By 1896, all the houses facing Hearst Street had become shops, and this remained the case until 2002, when all these premises were vacated.

Everyone who lived in such housing, located next to each other, or in a “courtyard” house, shared a common laundry room and a small number of street toilets, which contributed to poor sanitation. For example,25 such a courtyard of 11 houses could be home to 60 people, and there were only four latrines for them to use.

Add to that the fact that many families took in lodgers to make it easier to pay the rent, which was commonplace. Moreover, lodgers often shared a bedroom with the family’s children, separated from them by a makeshift curtain. In such living conditions, the bathing procedure involved placing metal tubs in the yard over a fire and trying to bathe in them without touching the wall of the tub to avoid burning yourself. This kind of washing was done once a week, and afterwards a person would become not much cleaner than before.

So it is absolutely logical that such houses were condemned. This happened in the 1930s. The premises were classified as unsanitary places to live. But, as is often the case, people lived there until the 1960s. Although by then these houses were not just unsanitary, they had become structurally unsafe.

Meanwhile, since the 1870s, there has been pressure to rid Birmingham of these “rookeries” in the city centre.
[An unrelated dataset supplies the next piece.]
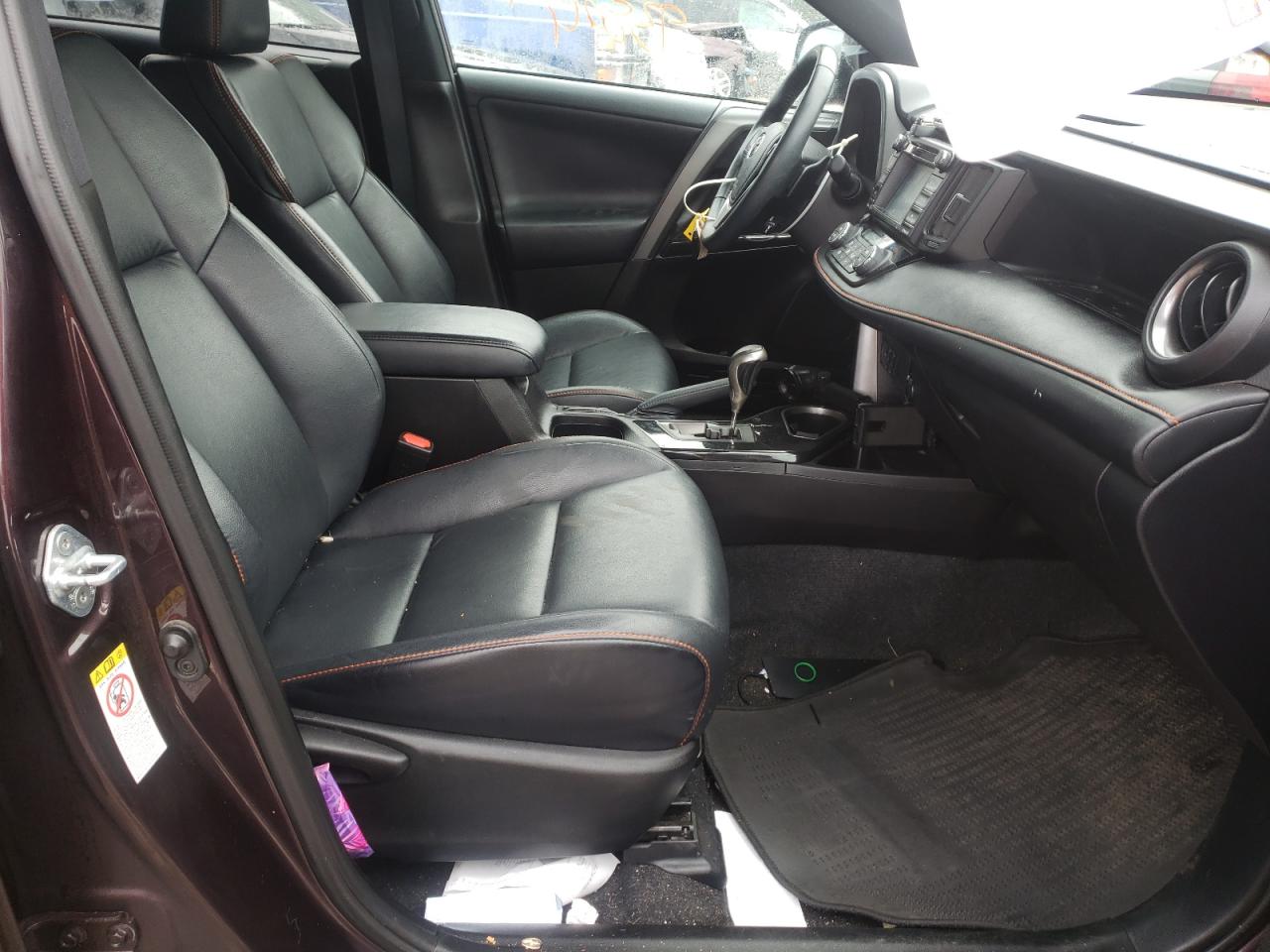 Photo 5 from auction – 2017 TOYOTA RAV4 SE with VIN 2T3JFREV2HW660396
Joseph Chamberlain protested against them at city council meetings, saying that the population was being brought up in damp, dark, gloomy courtyards and alleys that could be seen all over the city. He also noted that people in such dwellings are surrounded by harmful influences of various kinds and placed in conditions in which even common decency is impossible.

But the removal of these dwellings was not an easy task, for as late as 1875 almost half the population of Birmingham lived in such houses. Nevertheless, new houses were built, and the back-to-back houses were demolished. Although there were some exceptions to the rule. By the way, there was another reason for the popularity of such houses. It is about their cheapness during construction, and therefore significant profitability for landlords.

“The Last of the Mohicans”

Nevertheless, by the 1970s there were hardly any houses left that were close to each other. Only one slightly altered block in the city at the corner of Inge and Gerst streets survives. This house at 15 Gerst Street was supposed to be demolished in 1966, but it was never demolished, probably because of the shops that operated on the same street. In the 1990s, the property changed hands.

It came under the management of the Birmingham Conservation Trust, and after the completion of the renovation works, it was transferred to the National Trust. Thanks to the National Trust, it was restored in 2001.

At the moment, there are a lot of Victorian houses in some parts of Birmingham that have survived and are in decent and quite habitable condition. So why shouldn’t this soon be the case for people who don’t even have such homes?